J'ai à ma disposition une carte de crédit pro nominative, mais je me vois mal faire un compte associé à cette carte, compte qui sera utilisé sur plusieurs ipad.
Il est également impossible que je donne le mot de passe du compte aux utilisateurs, sinon, ils installerons n'importe quoi. Mais si je ne leur donne pas le mot de passe, ils pourront rien installer:rateau:

Je suis donc à la recherche d'utilisateurs d'ipad en milieu professionnel qui puissent me dire comment sont geré leur ipad, car je suis un peu dans une impasse.

Merci par avance.


----------



## arbaot (29 Novembre 2011)

un peu de lecture:

Guide de déploiement en entreprise:
http://manuals.info.apple.com/fr_FR/Guide_de_deploiement_en_entreprise.pdf

l'Utilitaire de configuration iPhone (iOs en fait)
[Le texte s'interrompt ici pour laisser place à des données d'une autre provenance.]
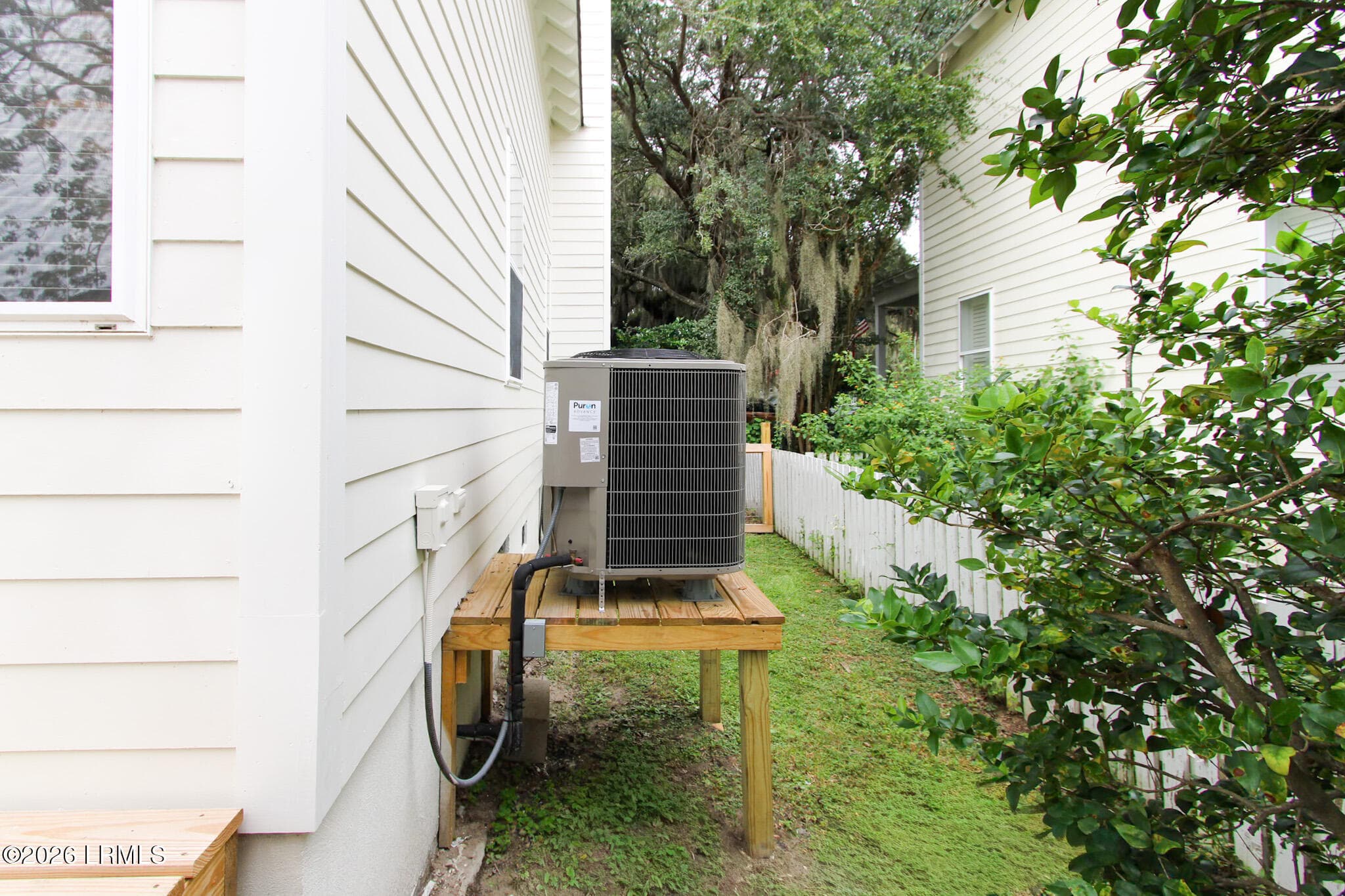 1009 11th Street - Side Yard - 1009 11th Street, Port Royal, SC 29935
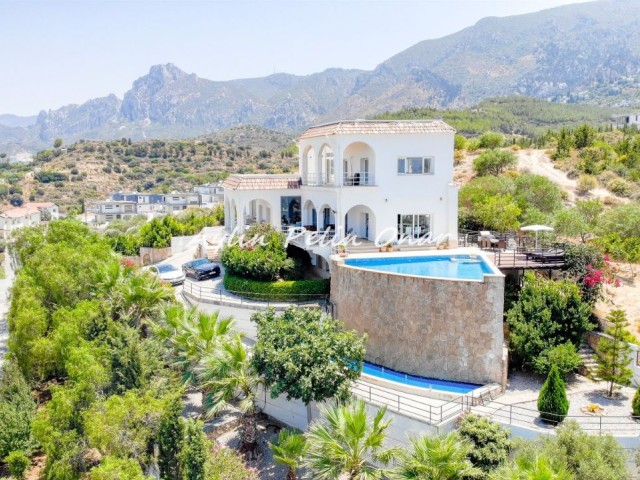 Zypern Kyrenia Edremit Zu Verkaufen 4 + 1 Villa Mit Meerblick **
http://support.apple.com/kb/DL1465?viewlocale=fr_FR
http://help.apple.com/iosdeployment-ipcu/


----------



## Vinsouille (30 Novembre 2011)

Guillaume Gete (consultant Apple) fait aussi de très bons livres (des références, carrément!) sur l'utilisation en entreprise. 

C'est disponible ici > gete.net
 
Vincent.


----------